RECORD EXCERPTS Block Start
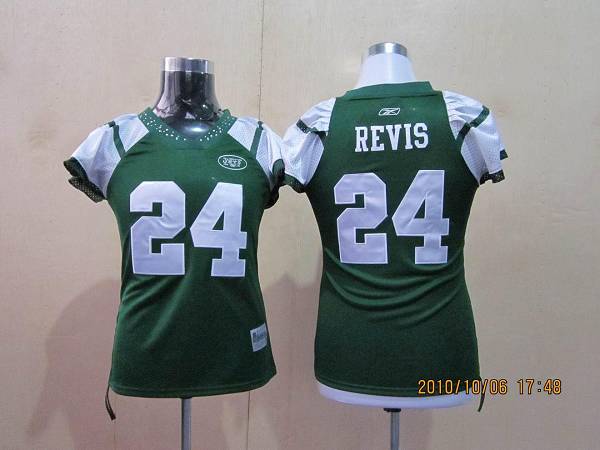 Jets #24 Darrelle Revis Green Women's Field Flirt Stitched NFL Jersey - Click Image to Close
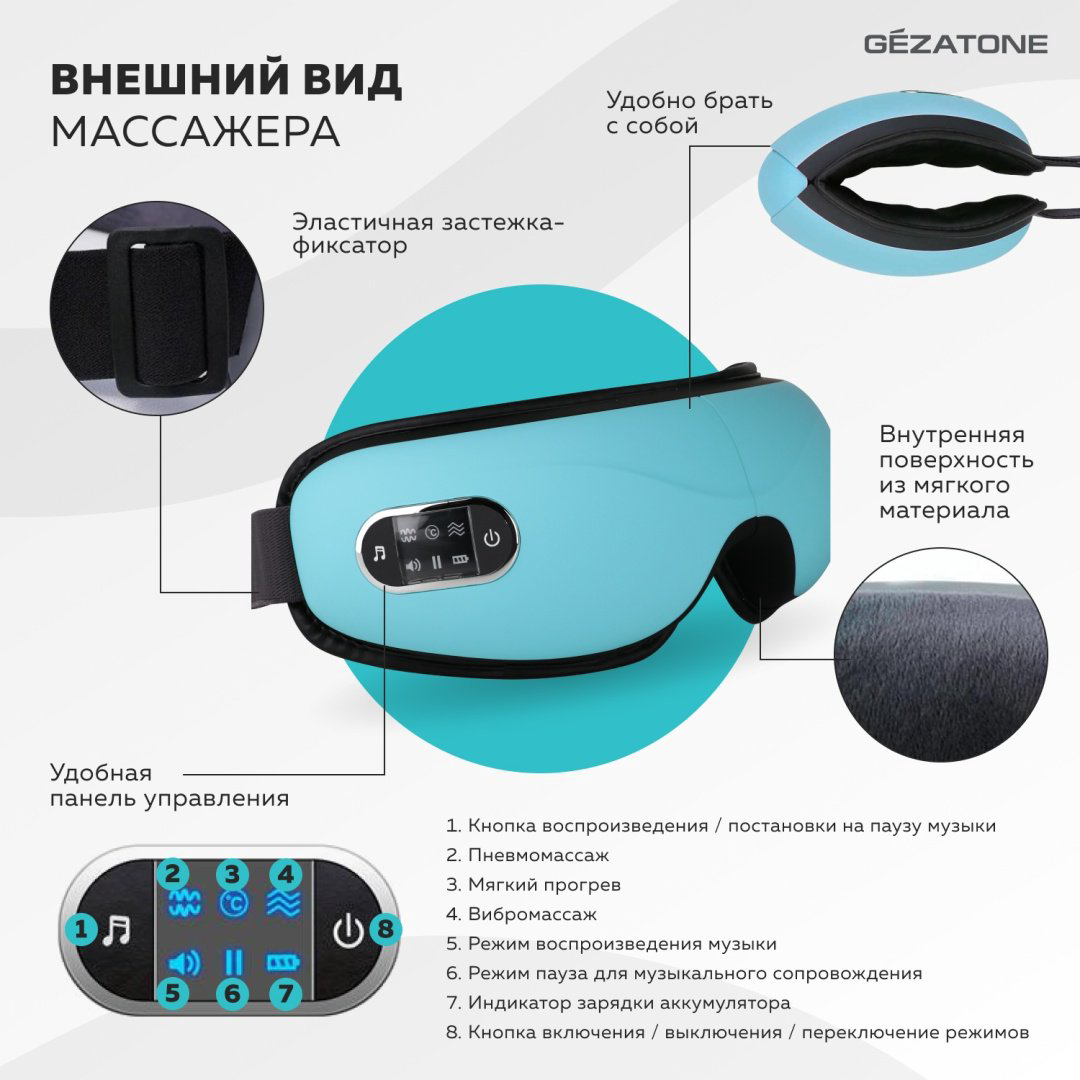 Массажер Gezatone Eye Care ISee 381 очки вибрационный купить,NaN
RECORD EXCERPTS Block End
RECORD EXCERPTS Block Start
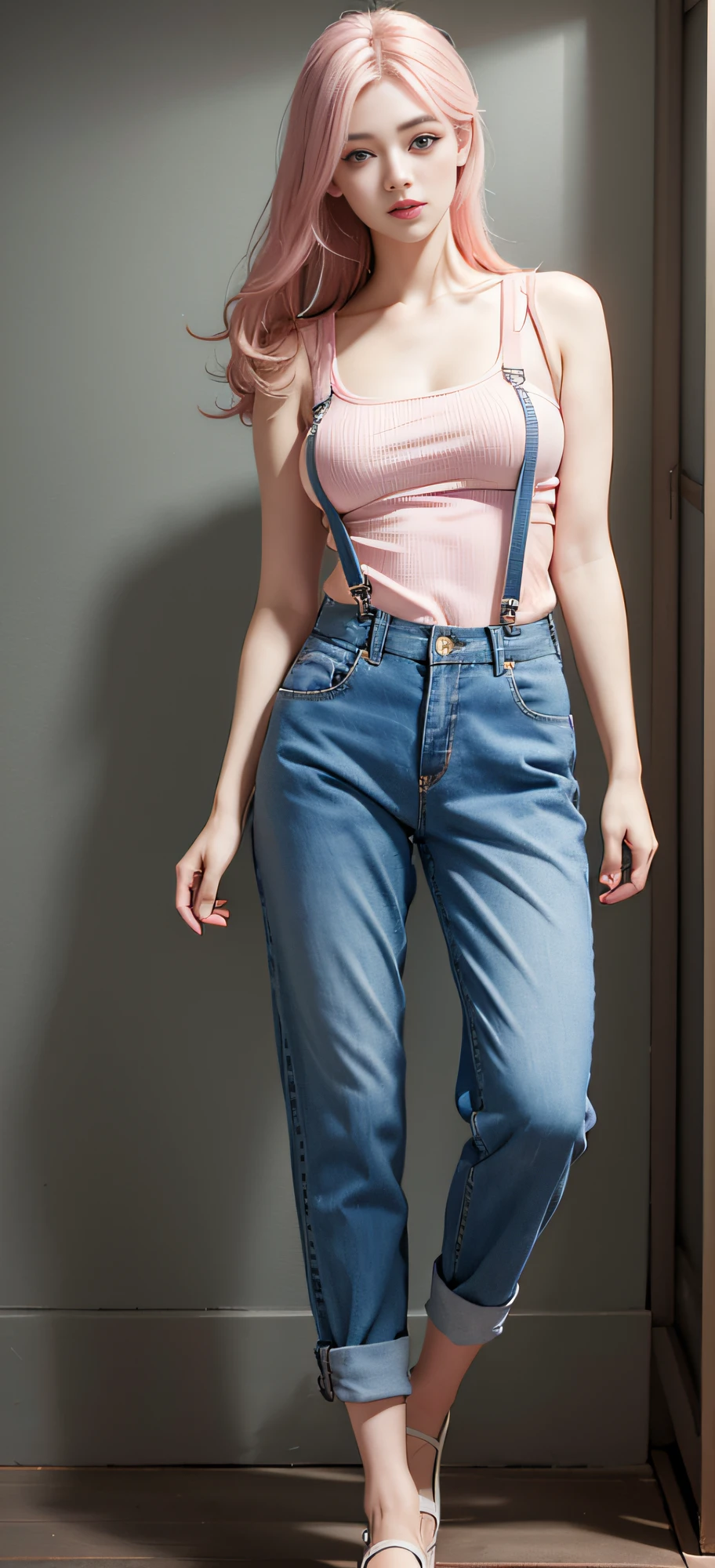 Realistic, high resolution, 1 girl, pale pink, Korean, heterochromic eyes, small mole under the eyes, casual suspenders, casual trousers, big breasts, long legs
RECORD EXCERPTS Block End
_EXERCISE PROMPT_
Please copy out from the data above, without any picture, exactly the lines running from the one that holds "Jets #24 Darrelle" through the one that holds "Массажер Gezatone Eye", and nothing beyond them.

_RESULT FOR THIS EXERCISE_
 Jets #24 Darrelle Revis Green Women's Field Flirt Stitched NFL Jersey - Click Image to Close
 Массажер Gezatone Eye Care ISee 381 очки вибрационный купить,NaN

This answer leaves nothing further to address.